Extracted records:
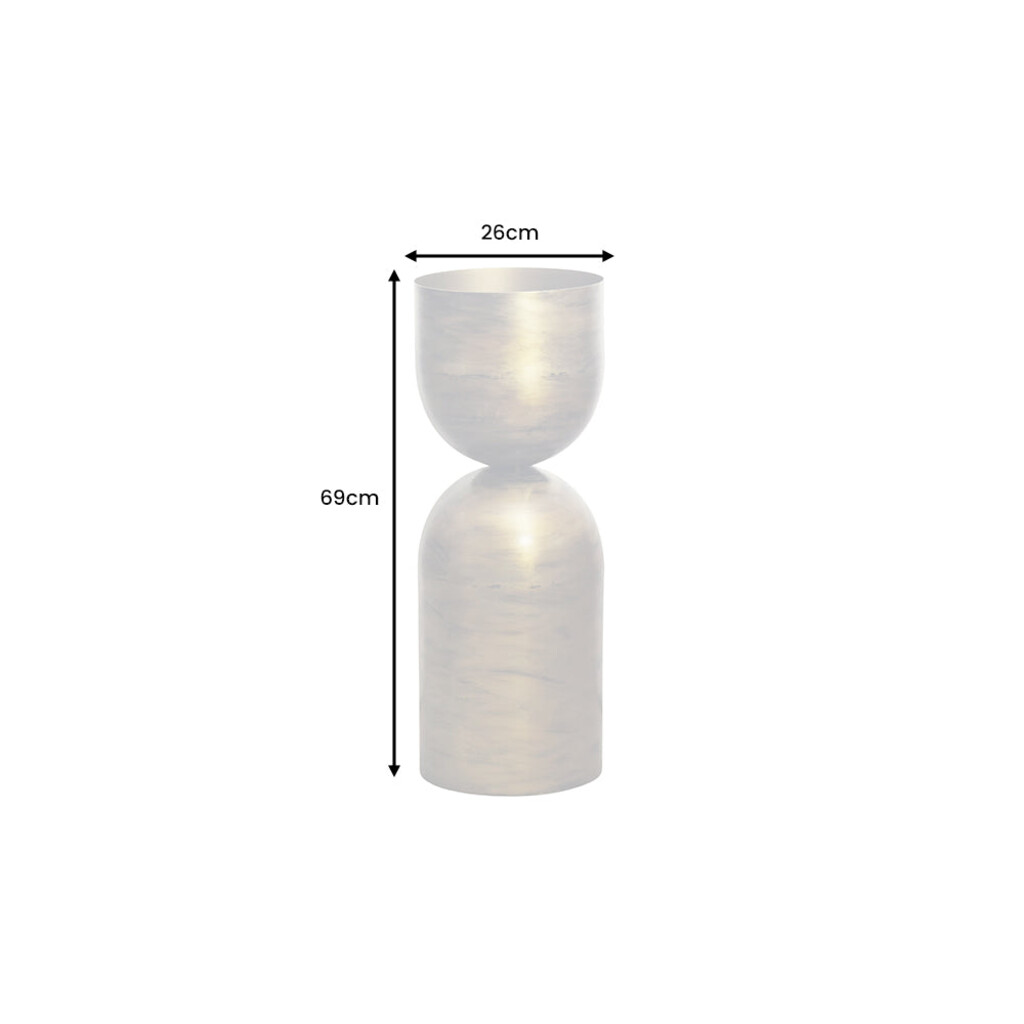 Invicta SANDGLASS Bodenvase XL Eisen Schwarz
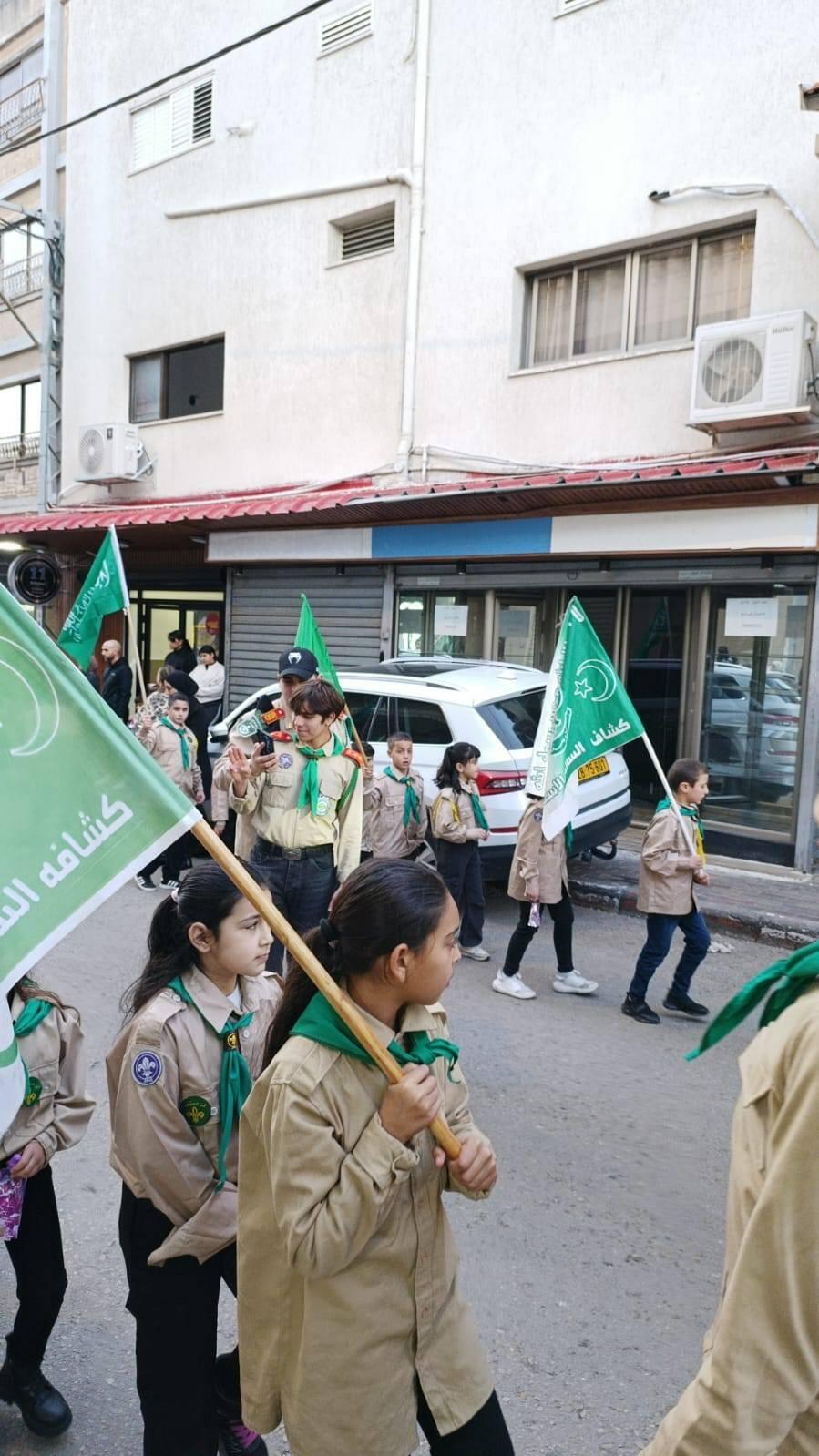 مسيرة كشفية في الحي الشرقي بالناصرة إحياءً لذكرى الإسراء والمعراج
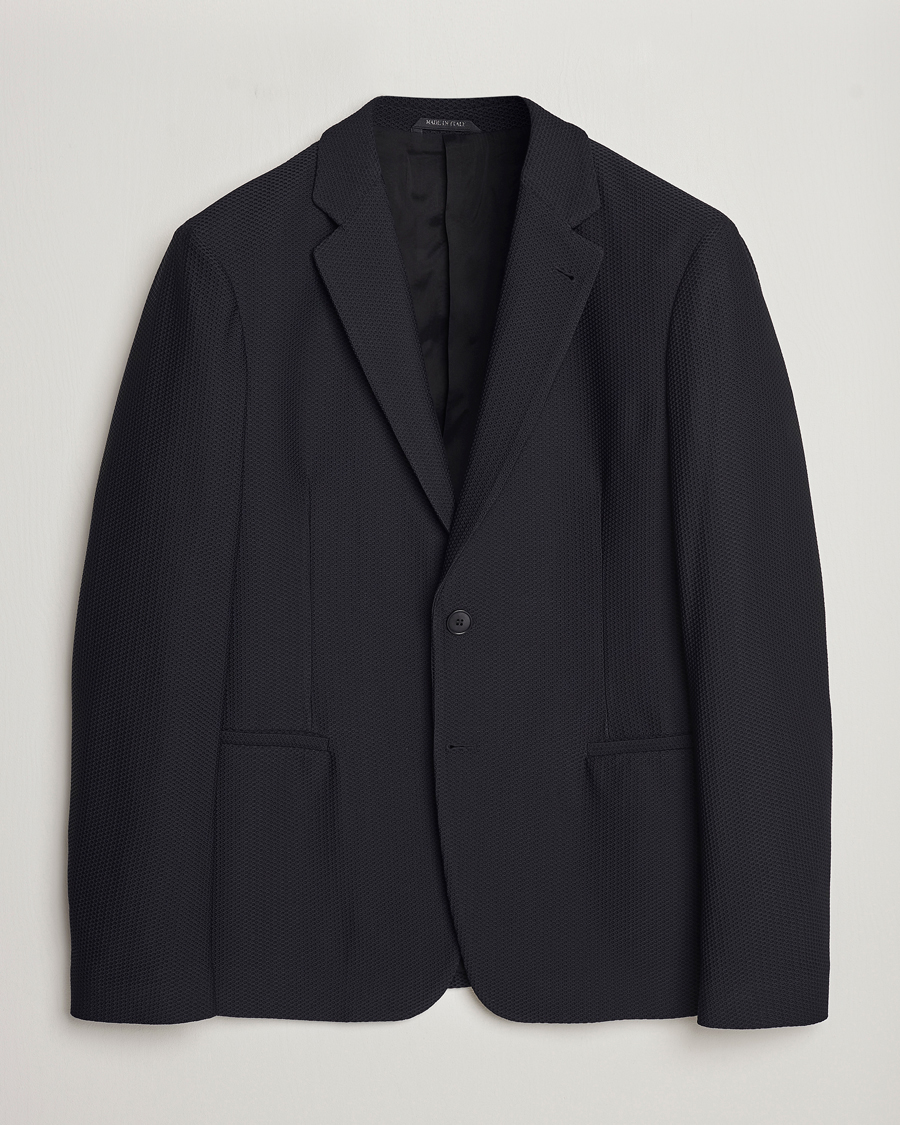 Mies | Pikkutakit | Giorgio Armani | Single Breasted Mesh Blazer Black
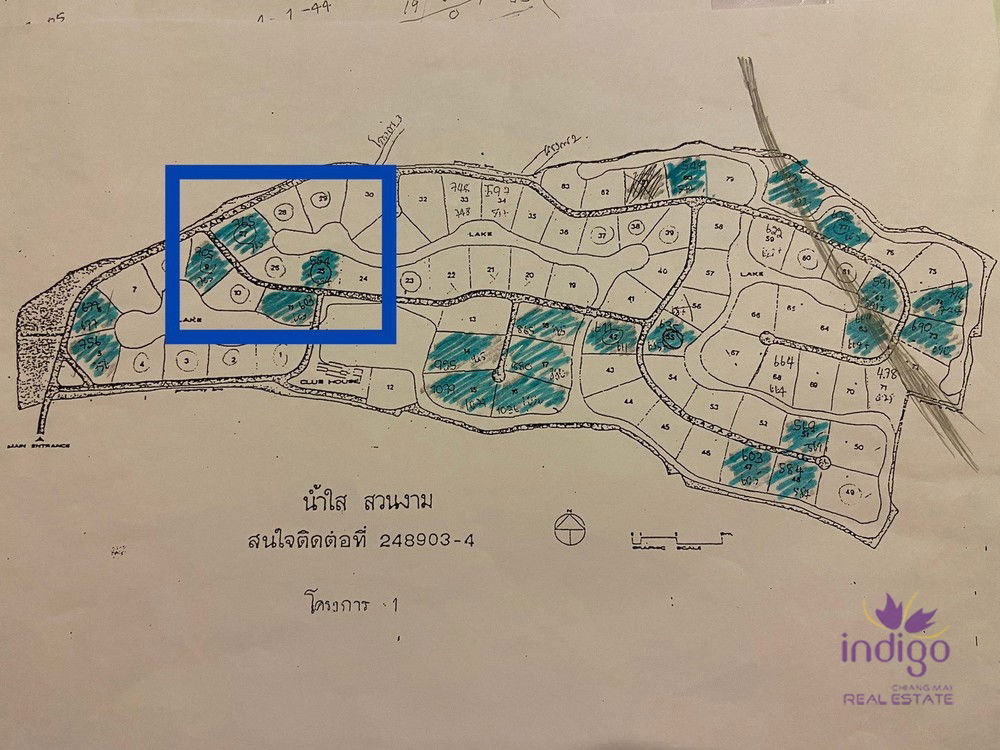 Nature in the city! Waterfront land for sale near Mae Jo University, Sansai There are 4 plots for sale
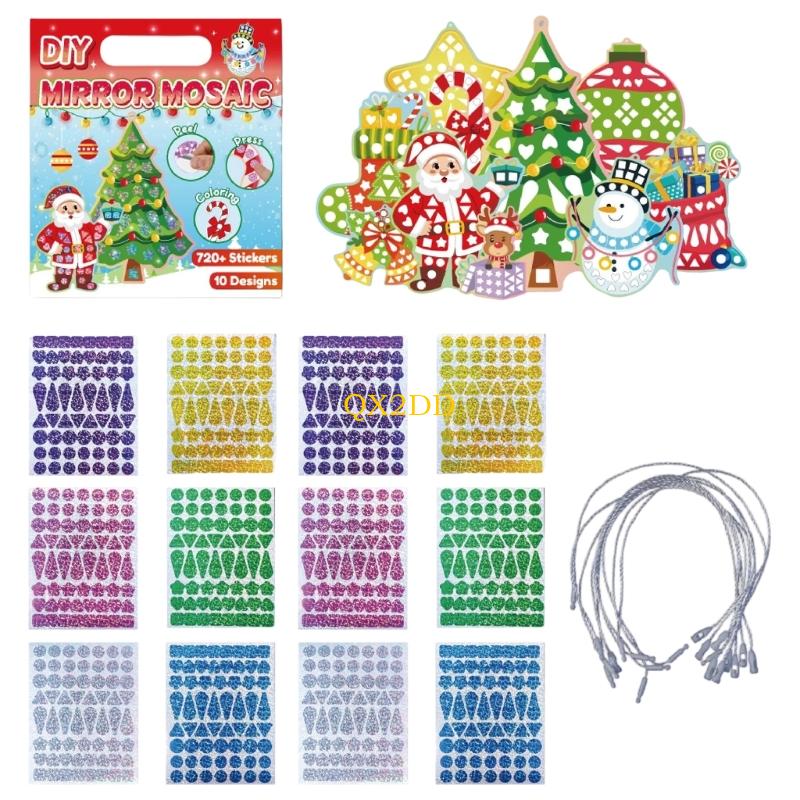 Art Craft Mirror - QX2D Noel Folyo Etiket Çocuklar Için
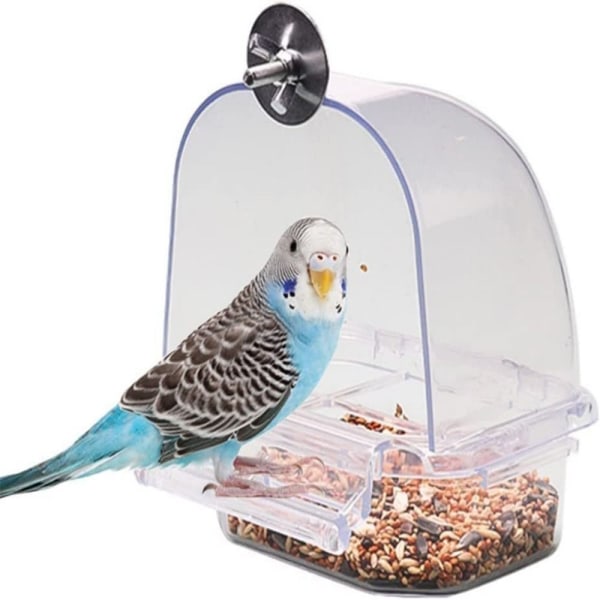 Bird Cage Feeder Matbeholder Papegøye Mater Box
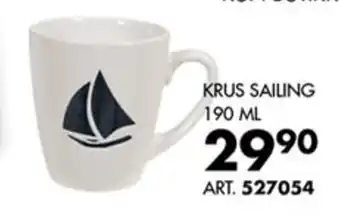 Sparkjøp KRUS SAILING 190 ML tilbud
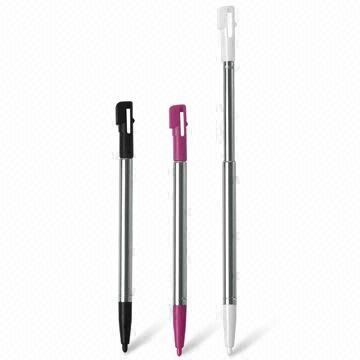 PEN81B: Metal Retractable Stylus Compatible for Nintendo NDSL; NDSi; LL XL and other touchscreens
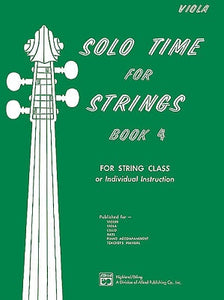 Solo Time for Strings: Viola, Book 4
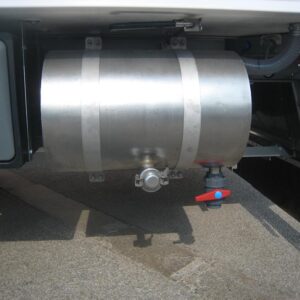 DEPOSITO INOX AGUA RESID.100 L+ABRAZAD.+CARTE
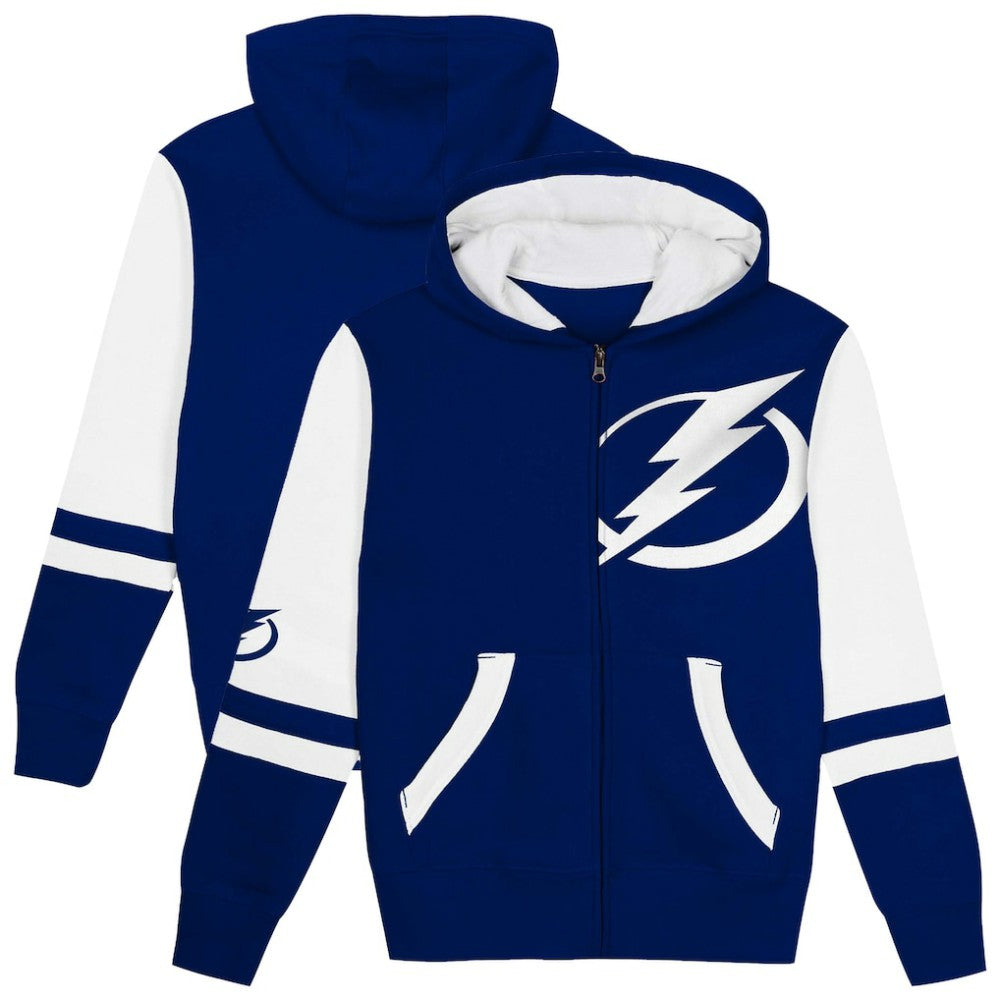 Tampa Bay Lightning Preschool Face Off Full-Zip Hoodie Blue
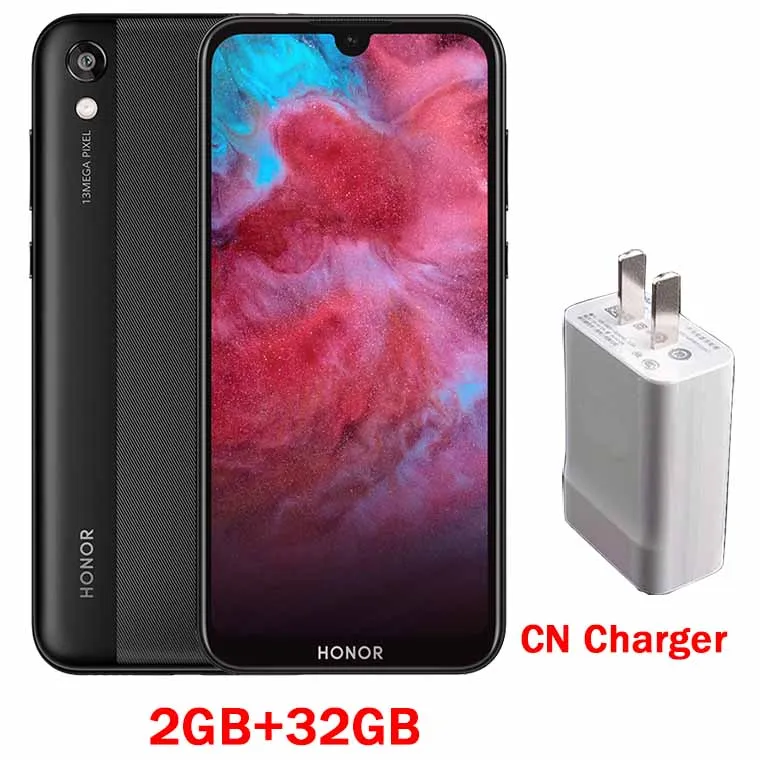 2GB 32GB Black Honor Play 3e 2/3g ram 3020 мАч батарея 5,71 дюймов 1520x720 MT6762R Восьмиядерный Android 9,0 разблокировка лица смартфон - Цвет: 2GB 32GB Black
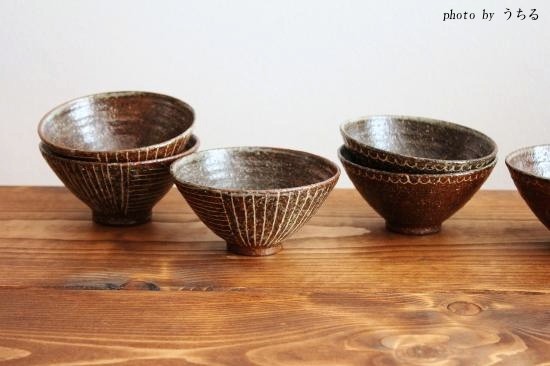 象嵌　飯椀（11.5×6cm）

Task objective: Only the text of the entries above is to be given again, exactly, with the pictures left out.

Solution to this task:
 Invicta SANDGLASS Bodenvase XL Eisen Schwarz
 مسيرة كشفية في الحي الشرقي بالناصرة إحياءً لذكرى الإسراء والمعراج
 Mies | Pikkutakit | Giorgio Armani | Single Breasted Mesh Blazer Black
 Nature in the city! Waterfront land for sale near Mae Jo University, Sansai There are 4 plots for sale
 Art Craft Mirror - QX2D Noel Folyo Etiket Çocuklar Için
 Bird Cage Feeder Matbeholder Papegøye Mater Box
 Sparkjøp KRUS SAILING 190 ML tilbud
 PEN81B: Metal Retractable Stylus Compatible for Nintendo NDSL; NDSi; LL XL and other touchscreens
 Solo Time for Strings: Viola, Book 4
 DEPOSITO INOX AGUA RESID.100 L+ABRAZAD.+CARTE
 Tampa Bay Lightning Preschool Face Off Full-Zip Hoodie Blue
 2GB 32GB Black Honor Play 3e 2/3g ram 3020 мАч батарея 5,71 дюймов 1520x720 MT6762R Восьмиядерный Android 9,0 разблокировка лица смартфон - Цвет: 2GB 32GB Black
 象嵌　飯椀（11.5×6cm）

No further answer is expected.